What is a tutoring bar?

A tutoring bar is best described as an opportunity for one-on-one help. But it's so much more than that. In Prepared, Diane Tavenner, the author, proposes a spectrum of educators with which we're all familiar: On one end lies Ben Stein from Ferris Bueller's Day Off (an example of a dull and bad teacher) and, on the other, is Robin Williams from Dead Poets' Society (an example of the pinnacle of excellent teaching). Framed from a traditional context, these points of reference make total sense: one is inspiring, engaging, and empathetic to his students; the other is a monotone, well-dressed, robotic man struggling to keep anyone remotely awake.

However, Tavenner posits that the real continuum being illustrated is more emblematic of good and bad communicators, not educators. This distinction is critical. For as long as I can remember, my perspective on education - and more specifically on educators - revolved around that same ideal: to be a good teacher, one must be a good communicator. I still feel that way after reading Prepared. However, baked into that argument is the implicit understanding that teaching isn't necessarily all about communicating information or, more directly, about delivering content knowledge. Instead, teaching is about creating the conditions by which learning can happen and to help guide students along their way. The paradigm shift is away from a teacher being a deliverer of their own knowledge and instead a knowledgeable guide that can help students achieve outcomes 'on their own.'

If, even for argument's sake, you accept this notion, it stands to reason that students will not acquire knowledge at the same time. Thus, the most efficient teaching method by which one can spend their time isn't as someone standing in the front of the room (or on top of a desk in Mr. William's version), but rather someone who facilitates an environment that allows students to acquire knowledge at their own speed and to help them navigate roadblocks whenever they encounter them. Enter: the tutoring bar.

I like numbers. In her book, Tavenner makes mention of a series of surveys conducted to assess the effectiveness of their strategies at school; this data is what sold me on trying the tutoring bar concept for the first time. Continually, students at her school identified mandatory class meetings as having the least perceived value. Students who already had heightened content knowledge on a subject were bored; those who had gaps had difficulty keeping up. A single-speed class stuck to a track wasn't something that everyone found equally beneficial or enjoyable. It was inefficient.

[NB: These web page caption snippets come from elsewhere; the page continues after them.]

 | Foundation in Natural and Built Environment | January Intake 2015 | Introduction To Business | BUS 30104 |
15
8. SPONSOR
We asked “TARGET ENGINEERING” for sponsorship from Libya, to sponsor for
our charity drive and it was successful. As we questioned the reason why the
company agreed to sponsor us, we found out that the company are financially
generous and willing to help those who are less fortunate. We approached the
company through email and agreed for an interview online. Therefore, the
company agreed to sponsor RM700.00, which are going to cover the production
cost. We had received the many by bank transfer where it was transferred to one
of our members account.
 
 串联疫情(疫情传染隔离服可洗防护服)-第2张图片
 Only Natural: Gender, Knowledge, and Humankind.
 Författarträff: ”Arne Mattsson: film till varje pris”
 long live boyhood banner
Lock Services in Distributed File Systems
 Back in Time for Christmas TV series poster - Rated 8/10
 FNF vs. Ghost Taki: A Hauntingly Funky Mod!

So, what to do? Well, the data suggested that the most satisfaction for both teachers and students came during times when class attendance was low, the pre-planned lesson was abandoned, and the teachers helped the students individually or in small groups with concepts with which they had difficulty. In other words: tutoring.

How do I use it?

In the book, Tavenner explains how their school did away with mandatory class meetings, at least in part, and shifted to a model that emphasized tutoring opportunities like the one mentioned above. I neither have the authority to do away with mandatory synchronous class meetings nor do I think that's something capable of happening at my - or most - schools. However, during a 90-minute class meeting, I'm free to structure that time how I see fit.

My focus in experimenting with this methodology has been a middle school CS course that introduces the basics of OOP and the principles of CS. Prior to using my version of the tutoring bar, classtime would look something like this:

  1. Bellringer assessing the previous lesson's concepts/connecting to the current day's lesson [15 minutes]
  2. Guided discovery/notetaking on a new topic [40 minutes]
  3. Practice problems in the form of a pset; if not completed, do for homework [35 minutes]

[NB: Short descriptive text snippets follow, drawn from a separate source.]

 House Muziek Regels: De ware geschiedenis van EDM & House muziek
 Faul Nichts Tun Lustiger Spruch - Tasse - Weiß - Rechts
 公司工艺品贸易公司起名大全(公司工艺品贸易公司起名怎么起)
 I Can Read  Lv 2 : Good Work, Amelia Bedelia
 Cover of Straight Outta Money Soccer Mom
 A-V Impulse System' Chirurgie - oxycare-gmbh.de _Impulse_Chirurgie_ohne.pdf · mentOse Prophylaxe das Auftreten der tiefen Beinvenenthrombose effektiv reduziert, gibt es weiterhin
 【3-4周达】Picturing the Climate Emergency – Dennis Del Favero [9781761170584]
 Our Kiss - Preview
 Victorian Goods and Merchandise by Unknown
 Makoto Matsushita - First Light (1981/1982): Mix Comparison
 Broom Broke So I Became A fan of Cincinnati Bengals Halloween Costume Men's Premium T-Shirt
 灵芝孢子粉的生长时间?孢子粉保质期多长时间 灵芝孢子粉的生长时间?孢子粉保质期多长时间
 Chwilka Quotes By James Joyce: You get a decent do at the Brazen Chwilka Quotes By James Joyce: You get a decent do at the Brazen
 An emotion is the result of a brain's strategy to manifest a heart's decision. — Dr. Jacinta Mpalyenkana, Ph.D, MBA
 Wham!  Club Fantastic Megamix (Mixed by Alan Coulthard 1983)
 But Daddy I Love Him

In this version of my class, we'd roll through this process for 3-4 days per week; I was available to help during the 'pset' portion of the lesson. The 'icing on the cake' at the end of the week was a challenge problem that was meant to allow students to apply the concepts learned to date on an abstract problem with a series of desired outcomes and a set of constraints.

And you know what? It worked. From a cursory glance, this instructional design looks completely adequate to deliver content, formatively assess students' knowledge, and give them a form of summative assessment to see if they can apply what they've learned. Temporal chunking is present so students aren't stuck on one activity for a prolonged period of time; they have the opportunity for one-on-one time with the teacher; they can even collaborate and work together when they're stuck. Why change it? Because, if it can be better, why not try?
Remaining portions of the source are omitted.